(The input):
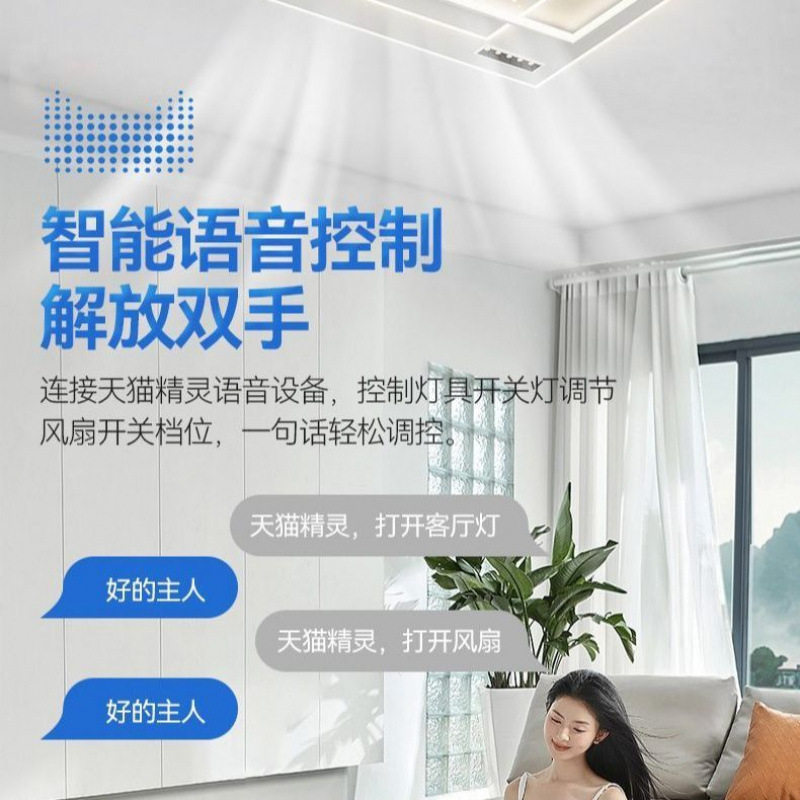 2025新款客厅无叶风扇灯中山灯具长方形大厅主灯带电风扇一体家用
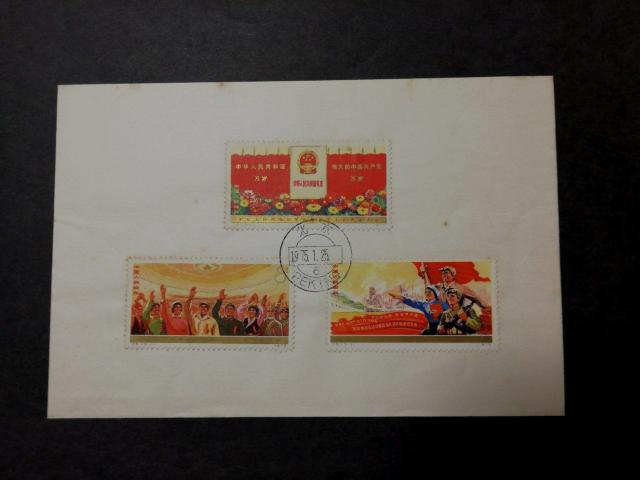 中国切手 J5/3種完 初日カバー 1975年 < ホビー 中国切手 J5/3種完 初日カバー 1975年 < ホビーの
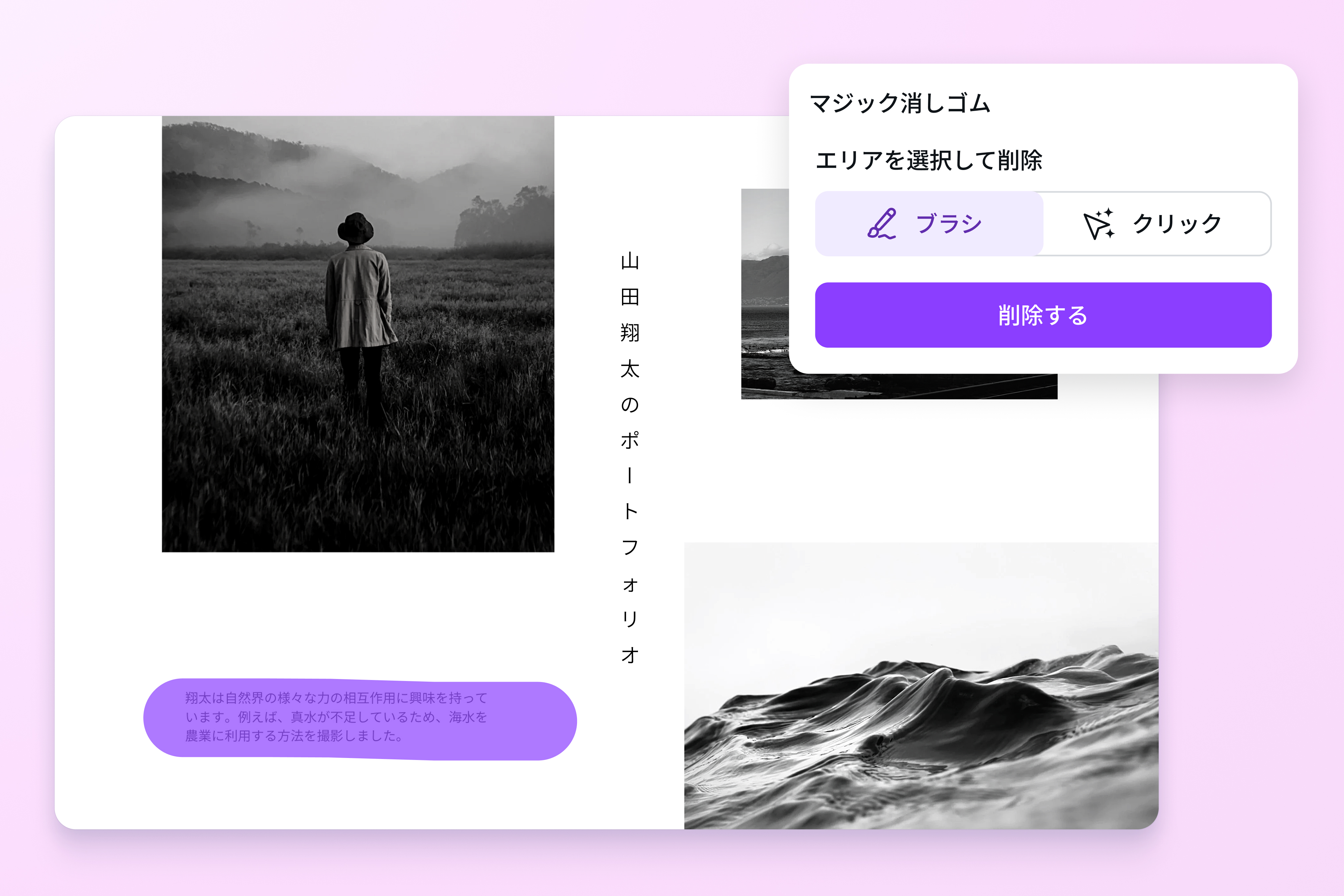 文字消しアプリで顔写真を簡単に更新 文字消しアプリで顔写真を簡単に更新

--

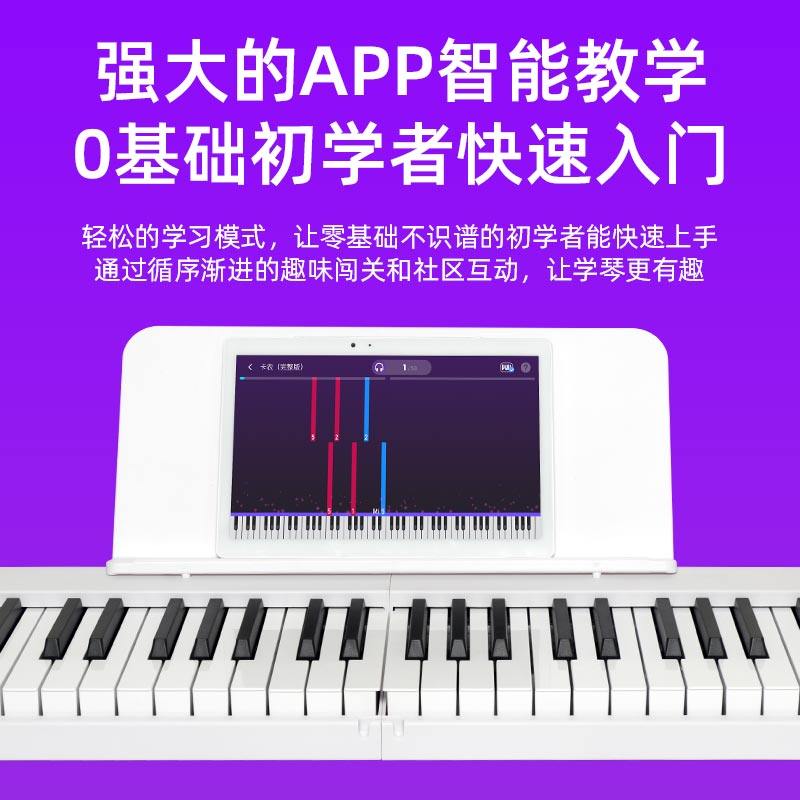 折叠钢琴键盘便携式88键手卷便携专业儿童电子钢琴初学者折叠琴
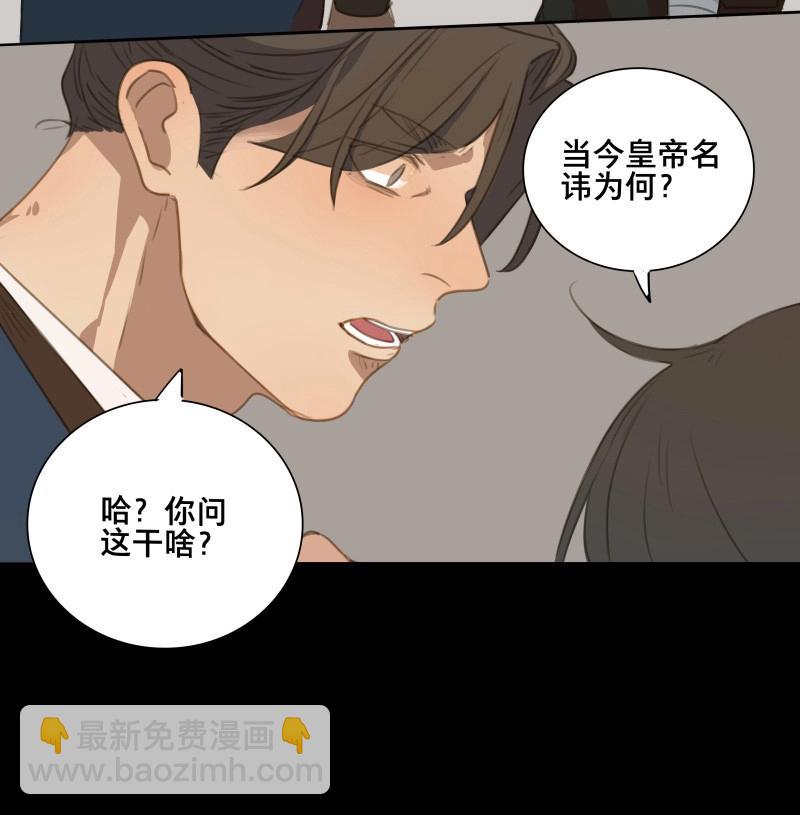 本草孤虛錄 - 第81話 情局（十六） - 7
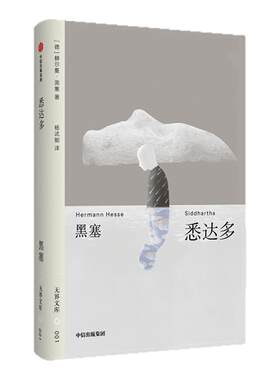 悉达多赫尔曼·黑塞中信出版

--

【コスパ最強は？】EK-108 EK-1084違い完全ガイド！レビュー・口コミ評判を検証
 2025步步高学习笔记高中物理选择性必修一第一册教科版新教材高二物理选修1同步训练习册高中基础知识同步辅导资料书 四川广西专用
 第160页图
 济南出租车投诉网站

(What is required): With the pictures left out, write out exactly the lines above from the one containing "中国切手 J5/3種完 初日カバー 1975年 < ホビー 中国切手" through the one containing "文字消しアプリで顔写真を簡単に更新 文字消しアプリで顔写真を簡単に更新".

(Solution to this problem):
 中国切手 J5/3種完 初日カバー 1975年 < ホビー 中国切手 J5/3種完 初日カバー 1975年 < ホビーの
 文字消しアプリで顔写真を簡単に更新 文字消しアプリで顔写真を簡単に更新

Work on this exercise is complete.